I comme Invention (dans la préhistoire et au-delà)

Je n’avais jusqu’ici pas de doute : les techniques inventées par l’homme, soit pour utiliser les matériaux mis à sa disposition par la nature, soit pour en créer de nouveaux (céramique, métaux), résultaient d’un besoin sociétal, dépendaient de sa créativité adaptative. L’élevage et l’agriculture en faisaient partie, formaient pour chacune d’elles une étape, à la fois cause et effet d’une pression d’un groupe humain confronté à des besoins nouveaux ou une concurrence plus vive. L’utilisation des techniques, ou de ces nouveaux moyens (sacrifices d’animaux ou de nourritures) pour enrichir les rituels religieux devaient suivre. La créativité artistique (le futile), suivait l’utile.

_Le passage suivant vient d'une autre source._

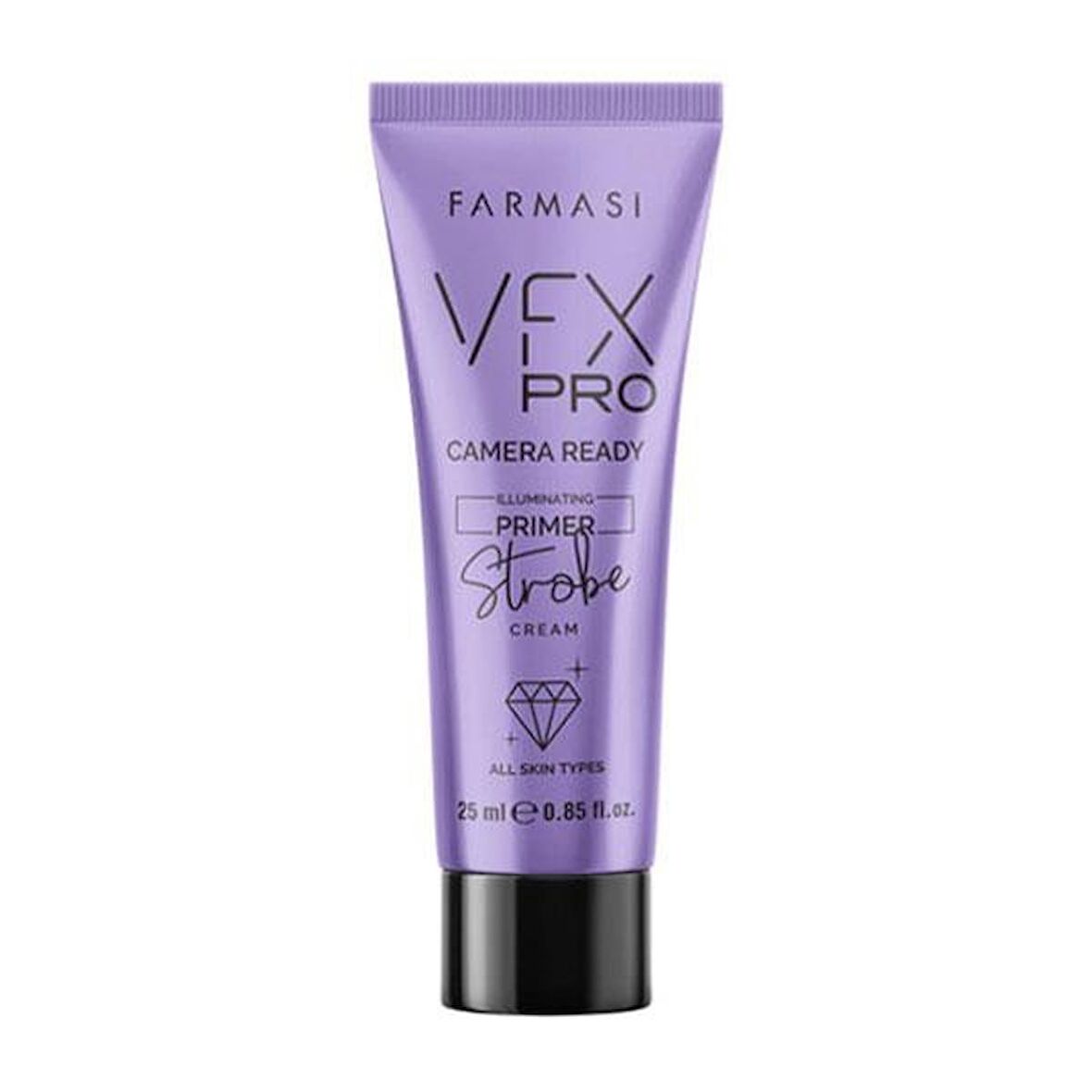 Farmasi VFX Pro Işıltılı Nemlendirici 25 ml Makyaj Bazı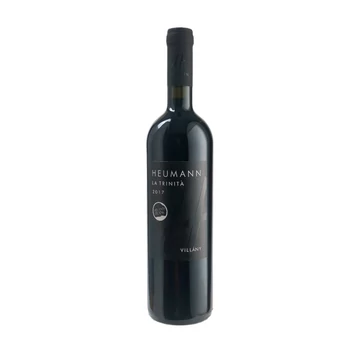 Heumann Pincészet: &quot;La Trinitá&quot; Cabernet franc száraz vörösbor (Villány)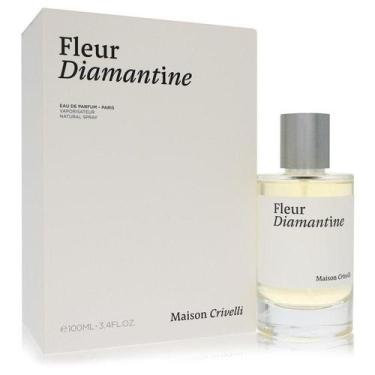 Imagem de Perfume Feminino Maison Crivelli Fleur Diamantine Eau De Parfum (Unise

Une synthèse du professeur de préhistoire  Christian Jeunesse, dans le numéro d’Avril de La Recherche, soutient une nouvelle théorie de l’invention préhistorique qui bouscule sérieusement une vision appuyée sur le statut actuel de l’inventivité humaine.

Tant il est vrai que de nos jours, sans forcément répondre à une demande, l’invention ne perd jamais de vue son application dans la vie quotidienne, et le profit qui en résultera, quitte à en créer le besoin par une information adéquate.

La créativité artistique continue d’utiliser les inventions commercialisées, mais a pris son autonomie et crée ses propres techniques en soutien de ses inventions.

Ce qui caractérise notre époque, c’est la disparition de la gratuité, tant pour les innovations pratiques que les artistiques.

Les faits maintenant établis par la recherche archéologique révèlent un décalage très important, de plusieurs milliers d’années, entre l’apparition d’une technique et son utilisation pour la fabrication d’objets d’usage courant. Ainsi la céramique : apparaissant sur des sites très éloignés, pouvant disparaître avec la culture qui l’a inventée, elle est consacrée à la fabrication de statuettes représentant des formes humaines (les fameuses vénus callipyges) ou animales. On ne voit pas d’autre destination que religieuse.

De même les pigments divers, employés pour les peintures rupestres. Ces représentations très élaborées des animaux environnant l’homme, bien cachées dans des grottes profondes,  ne sont sûrement pas gratuites. Ces premières manifestations de l’aptitude artistique de l’homme sont magico-religieuses et cherchent à établir un lien entre le monde visible et le monde invisible présumé.

Les archéologues mettent l’accent sur la révolution que constitue la création de nouveaux matériaux selon une séquence qui rompt avec les techniques précédentes, dégageant des armes et des outils à partir des matériaux bruts offerts par la nature. Il faut broyer, mélanger, modeler, puis cuire** les objets façonnés pour qu’ils deviennent durs. Cette séquence apparaît comme un nouveau paradigme de l’ingéniosité humaine. On le retrouve dans la fabrication des métaux, mais aussi… du pain ! Cette révolution est le fait de peuplades de chasseurs-cueilleurs.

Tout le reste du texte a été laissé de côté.